Problem to solve :: Each line from the one that holds "croisière de luxe réinventée" to the end of the records is to be retyped exactly. Pictures are not part of the copy.

[Extracted data entries]
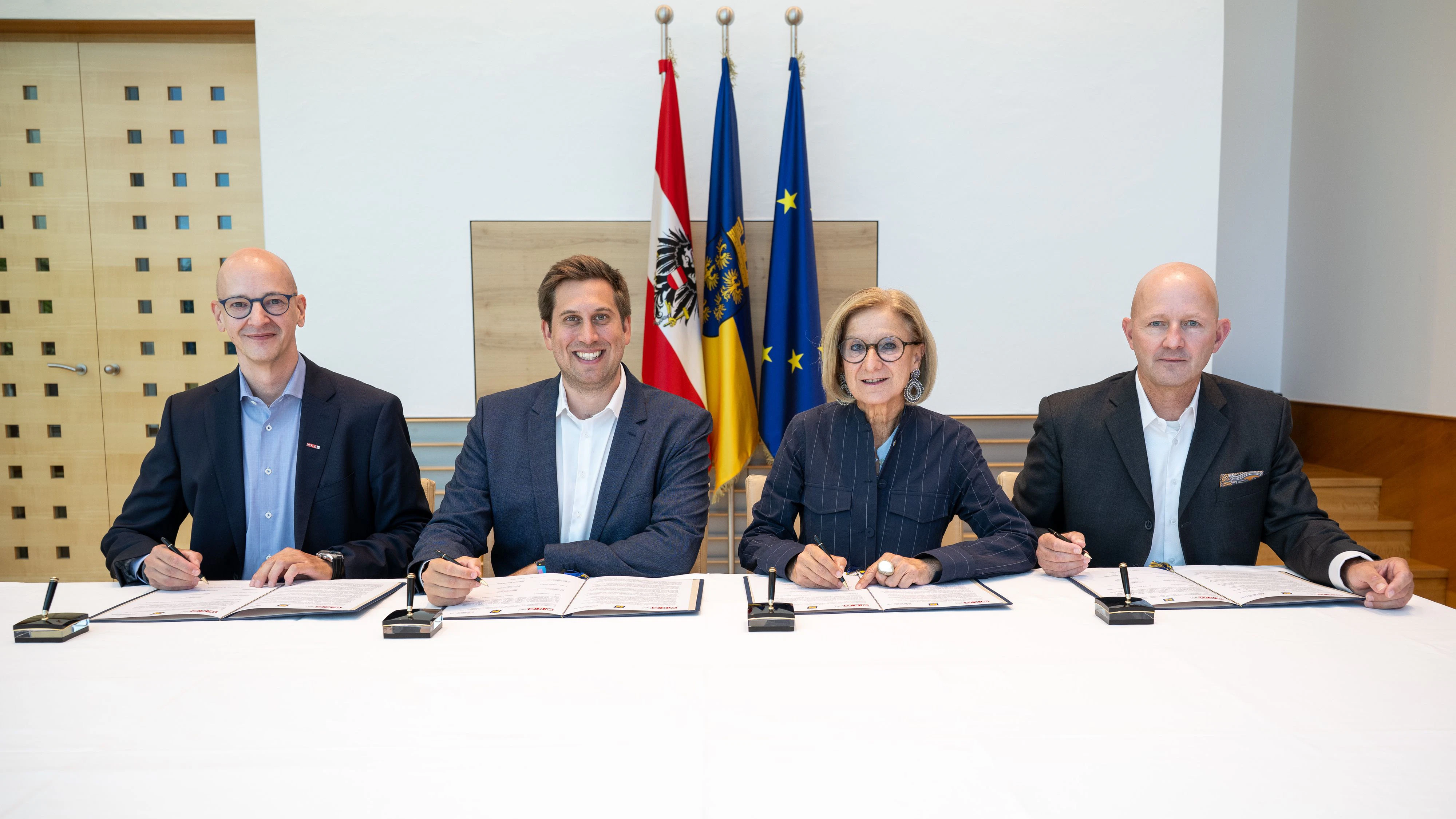 Heute.at - NÖ will die digitale Entwicklung aktiv mitgestalten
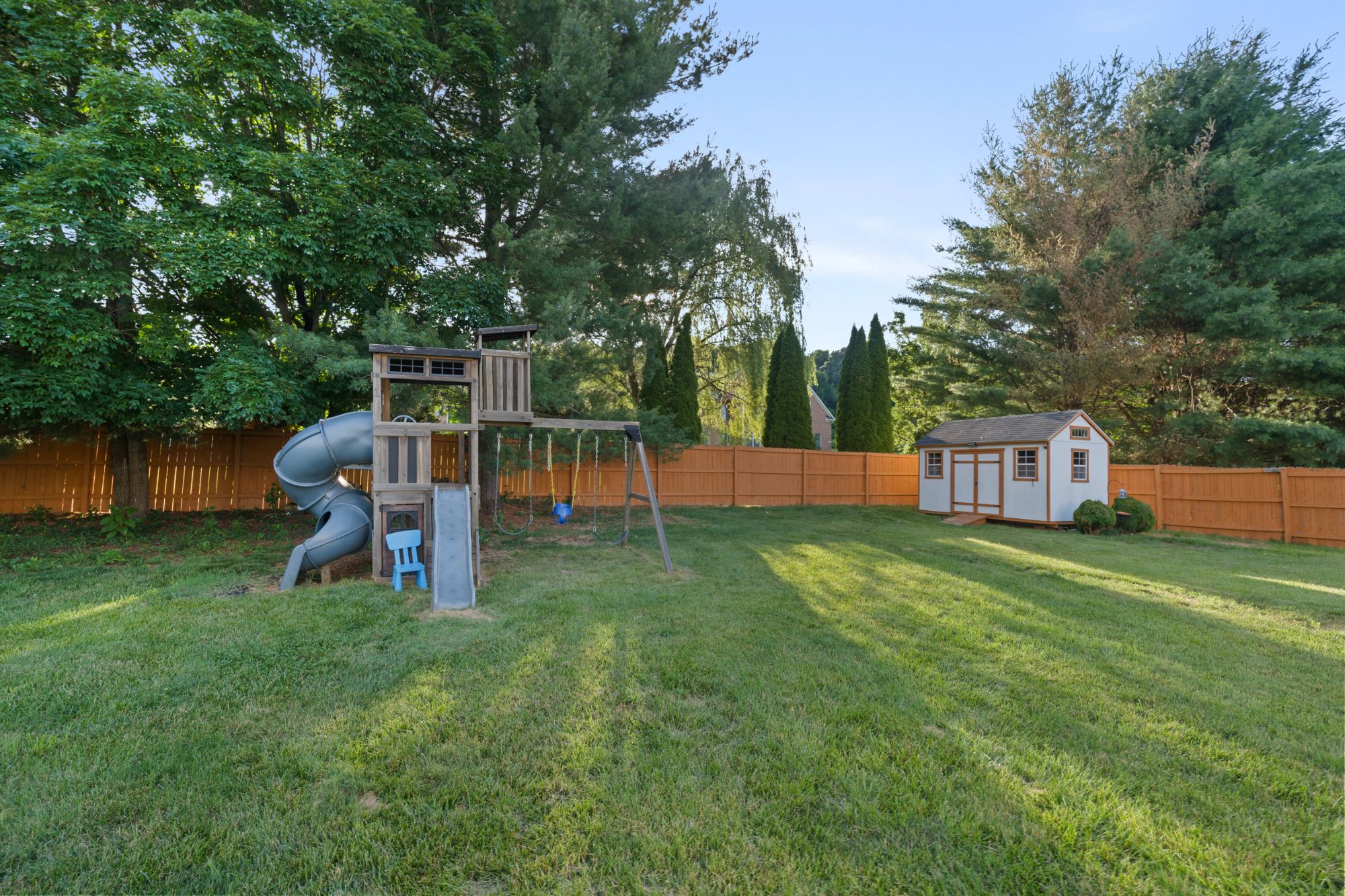 11123 Willow Green Way
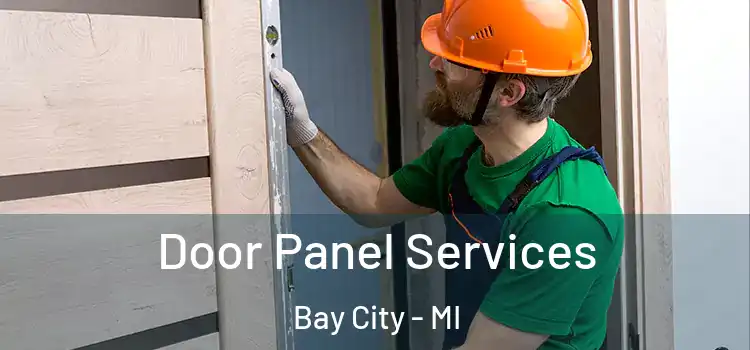  Door Panel Services Bay City - MI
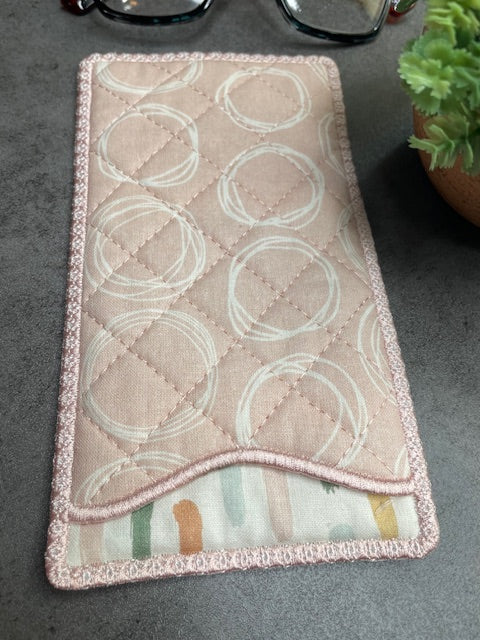 Eyewear Case & Holder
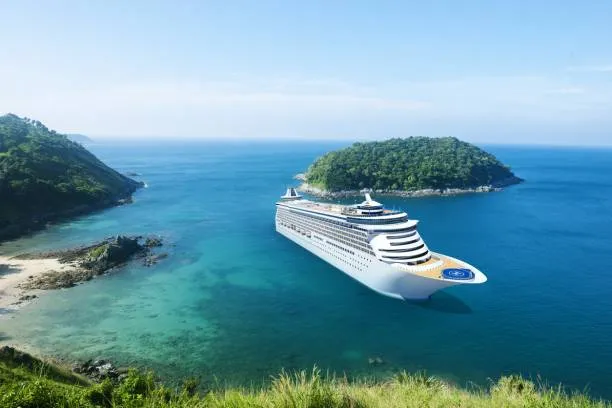croisière de luxe réinventée
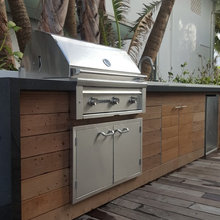 Outdoor Sizzle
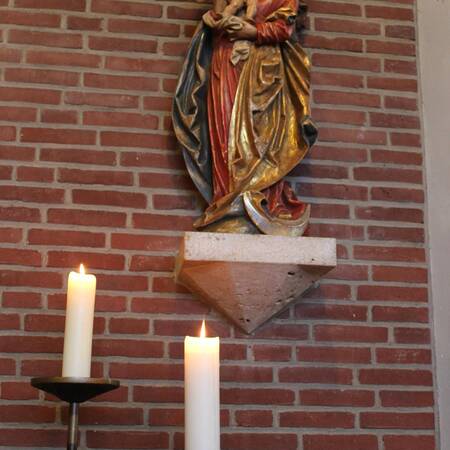 Kirche St. Altfrid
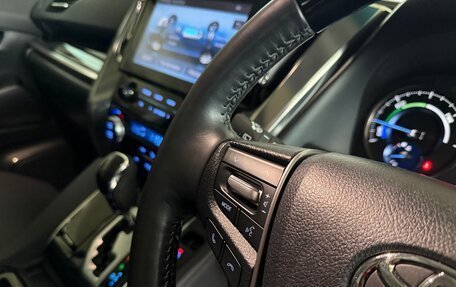 Toyota Alphard III, 2020 год, 6 250 000 рублей, 9 фотография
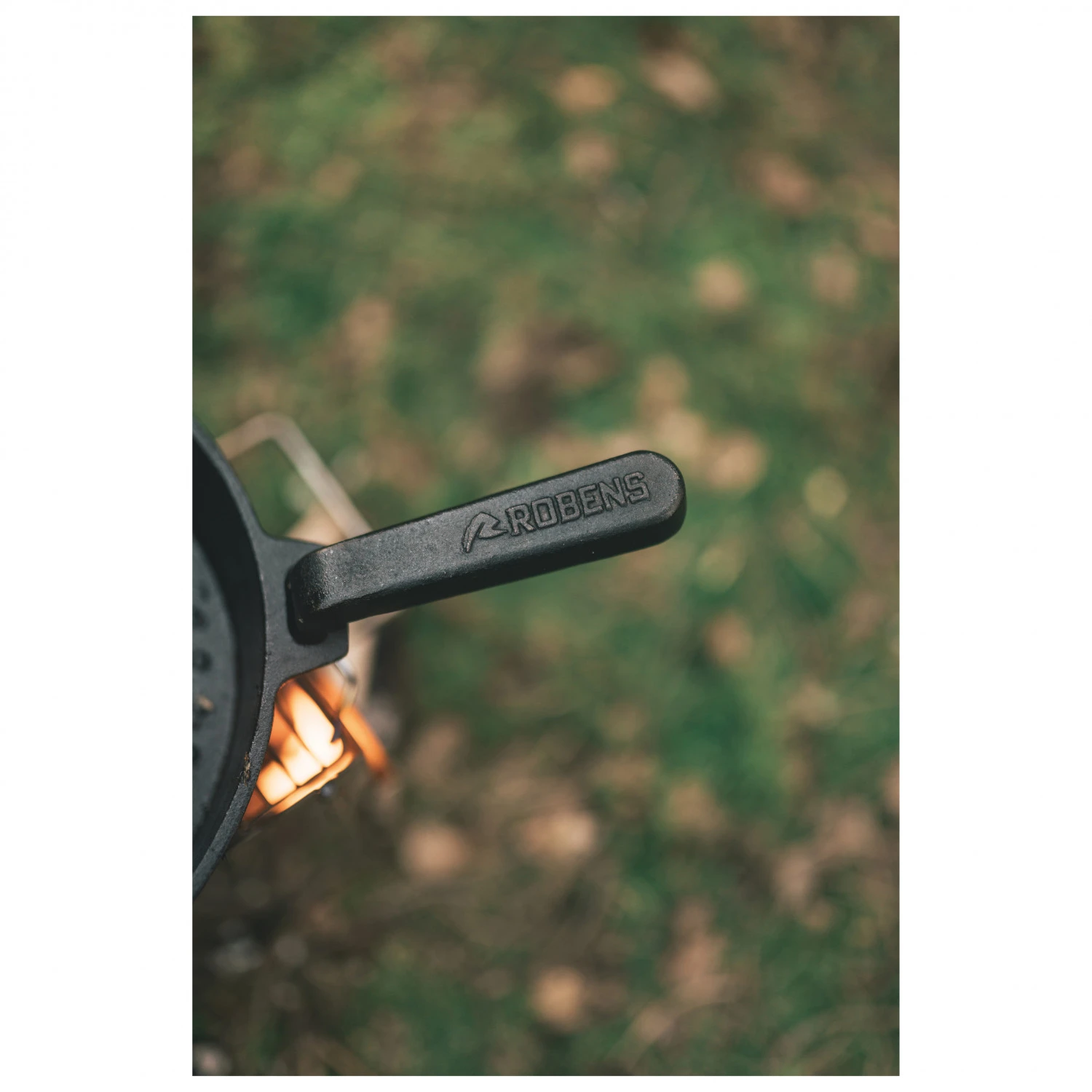 Robens Modoc Pan - Pfanne 4 Robens Modoc Pan - Pfanne – Bild 4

Reply ::
croisière de luxe réinventée
 Outdoor Sizzle
 Kirche St. Altfrid
 Toyota Alphard III, 2020 год, 6 250 000 рублей, 9 фотография
 Robens Modoc Pan - Pfanne 4 Robens Modoc Pan - Pfanne – Bild 4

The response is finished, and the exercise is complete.